Он кладет трубку, вытаскивает большой чистый платок и устало и недовольно вытирает им бритую голову. Платки у него всегда большие и чистые. По — моему, он с утра рассовывает по карманам сразу несколько платков.
— Все равно я напишу!
Горбатов выбирается из-за стола, за которым он сидел, разговаривая по «вертушке», и, разминаясь, ходит по кабинету.
Из дальнейшего выясняется, что речь по «вертушке» шла о его товарище по двадцатым годам; я этого человека изредка встречал, но знаю мало, больше со слов самого Горбатова.
— Ну, как тебе объяснить? — говорит Горбатов, отвечая на мой вопрос. — Если длинно, надо читать лекцию про то, как мы с ним входили в литературу и что в ней делали. А если коротко: я — это все равно что он, а он — это все равно что я.
Он возвращается к столу и начинает что-то быстро писать на листке бумаги. Потом встает, подходит ко мне и протягивает написанное. Я читаю. Это просьба Горбатова пересмотреть дело человека, вместе с которым он работал и которого знает с самой лучшей стороны на протяжении многих лет.
— Хорошо, если бы и ты подписал, — говорит Горбатов, пока я читаю письмо.
Я отвечаю, что слишком мало знаю этого человека, чтобы писать о нем.
— Зато я его знаю за двоих, — говорит Горбатов. — Если б ты знал кого-нибудь так, как я его, и попросил бы меня подписать, я бы подписал.
— Хорошо, — говорю я, — но тогда хотя бы составь письмо по- другому.
— Почему?
— Потому что, если подписывать вдвоем, я не могу сказать о себе, что работал вместе с ним и знаю его столько же лет, сколько ты. Найди другие слова, без этих подробностей.
— Хорошо, я исправлю. — Горбатов снова садится за стол и сначала мучительно долго думает, потом исправляет написанное, потом переписывает его начисто и наконец протягивает мне. — Теперь можно нести на машинку? — спрашивает он.
— Теперь можно.
Он уходит в машинописное бюро, и я остаюсь один. Я действительно слишком мало знаю человека, о котором, как теперь выяснилось, мы будем писать вдвоем с Горбатовым. И мне не по себе от этого. Но слова Горбатова, что он знает этого человека за нас обоих — и за себя, и за меня, — не из тех, через которые переступишь, за ними для него стоит вся та мера дружбы, которая нас соединяет.

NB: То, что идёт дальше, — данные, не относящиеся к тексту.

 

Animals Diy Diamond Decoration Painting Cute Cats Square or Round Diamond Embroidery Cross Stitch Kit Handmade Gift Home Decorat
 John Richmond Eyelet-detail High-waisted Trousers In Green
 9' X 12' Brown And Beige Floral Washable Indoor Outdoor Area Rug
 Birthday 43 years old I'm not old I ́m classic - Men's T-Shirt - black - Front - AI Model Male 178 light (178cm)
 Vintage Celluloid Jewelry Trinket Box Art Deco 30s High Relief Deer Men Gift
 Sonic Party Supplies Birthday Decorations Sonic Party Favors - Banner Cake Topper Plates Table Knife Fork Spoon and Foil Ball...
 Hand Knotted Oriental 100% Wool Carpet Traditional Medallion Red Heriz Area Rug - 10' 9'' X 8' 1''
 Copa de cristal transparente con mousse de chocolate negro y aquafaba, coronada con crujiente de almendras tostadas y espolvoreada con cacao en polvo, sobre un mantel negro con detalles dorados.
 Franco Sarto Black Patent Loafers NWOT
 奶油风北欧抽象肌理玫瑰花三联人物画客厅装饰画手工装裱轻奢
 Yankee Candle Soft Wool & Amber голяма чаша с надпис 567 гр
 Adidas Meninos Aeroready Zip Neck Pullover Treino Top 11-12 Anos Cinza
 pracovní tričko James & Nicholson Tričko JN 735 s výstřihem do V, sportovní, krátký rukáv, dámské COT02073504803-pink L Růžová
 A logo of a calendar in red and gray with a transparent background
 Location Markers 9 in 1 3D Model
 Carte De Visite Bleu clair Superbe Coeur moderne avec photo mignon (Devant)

Сухуми. Поздней осенью, и на этот год снова приехав вместе со мной в Гульрипши, Горбатов вчерне заканчивает здесь одну из последних написанных им глав второй книги «Донбасса» — главу о том, как из шахты за ненадобностью поднимают последних, еще остававшихся там лошадей и как с ними прощаются переходящие на другую работу коногоны.